The historian Eric Hobsbawm wrote: "The Spanish civil war was both at the centre and on the margin of the era of anti-fascism. It was central, since it was immediately seen as a European war between fascism and anti-fascism, almost as the first battle in the coming world war, some of the characteristic aspects of which - for example, air raids against civilian populations - it anticipated."

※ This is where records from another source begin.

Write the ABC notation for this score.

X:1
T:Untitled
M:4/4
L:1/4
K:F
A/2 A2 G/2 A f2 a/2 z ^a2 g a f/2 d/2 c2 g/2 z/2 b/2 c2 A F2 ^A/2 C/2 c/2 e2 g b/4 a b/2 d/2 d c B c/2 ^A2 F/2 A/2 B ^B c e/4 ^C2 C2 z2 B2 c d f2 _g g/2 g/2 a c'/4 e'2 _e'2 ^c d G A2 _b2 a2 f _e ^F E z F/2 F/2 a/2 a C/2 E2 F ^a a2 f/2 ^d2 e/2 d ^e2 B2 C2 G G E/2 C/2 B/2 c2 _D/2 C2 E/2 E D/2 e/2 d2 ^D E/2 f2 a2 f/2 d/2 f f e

In Spain, there were histories of popular uprisings in the late 19th century through to the 1930s against the deep-seated military dictatorships. of General Prim and the Primo de la Rivieras These movements further coalesced into large-scale anti-fascist movements in the 1930s, many in the Basque Country, before and during the Spanish Civil War. The republican government and army, the Antifascist Worker and Peasant Militias (MAOC) linked to the Communist Party (PCE), the International Brigades, the Workers' Party of Marxist Unification (POUM), Spanish anarchist militias, such as the Iron Column and the autonomous governments of Catalonia and the Basque Country, fought the rise of Francisco Franco with military force.

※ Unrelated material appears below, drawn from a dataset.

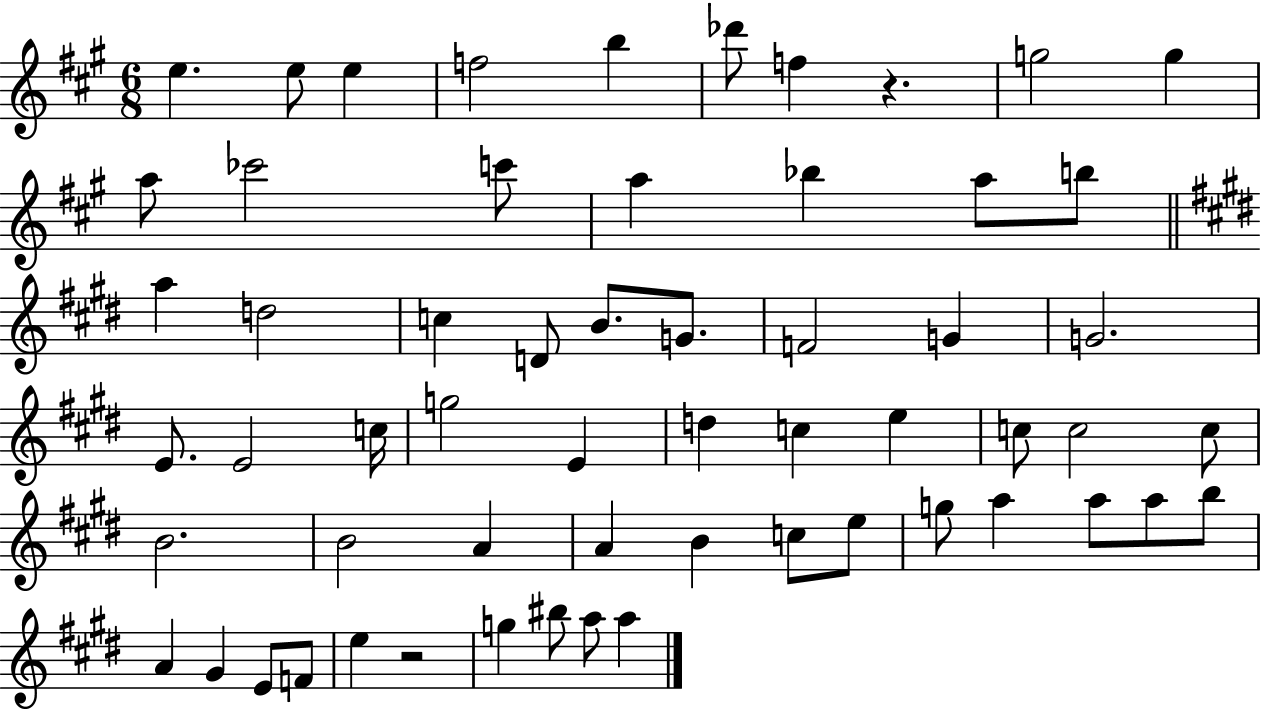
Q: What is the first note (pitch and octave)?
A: E5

The Friends of Durruti, associated with the Federación Anarquista Ibérica (FAI), were a particularly militant group. Thousands of people from many countries went to Spain in support of the anti-fascist cause, joining units such as the Abraham Lincoln Brigade, the British Battalion, the Dabrowski Battalion, the Mackenzie-Papineau Battalion, the Naftali Botwin Company and the Thälmann Battalion, including Winston Churchill's nephew, Esmond Romilly. Notable anti-fascists who worked internationally against Franco included: George Orwell (who fought in the POUM militia and wrote Homage to Catalonia about his experience), Ernest Hemingway (a supporter of the International Brigades who wrote For Whom the Bell Tolls about his experience), and the radical journalist Martha Gellhorn.
The Spanish anarchist guerrilla Francesc Sabaté Llopart fought against Franco's regime until the 1960s, from a base in France. The Spanish Maquis, linked to the PCE, also fought the Franco regime long after the Spanish Civil war had ended.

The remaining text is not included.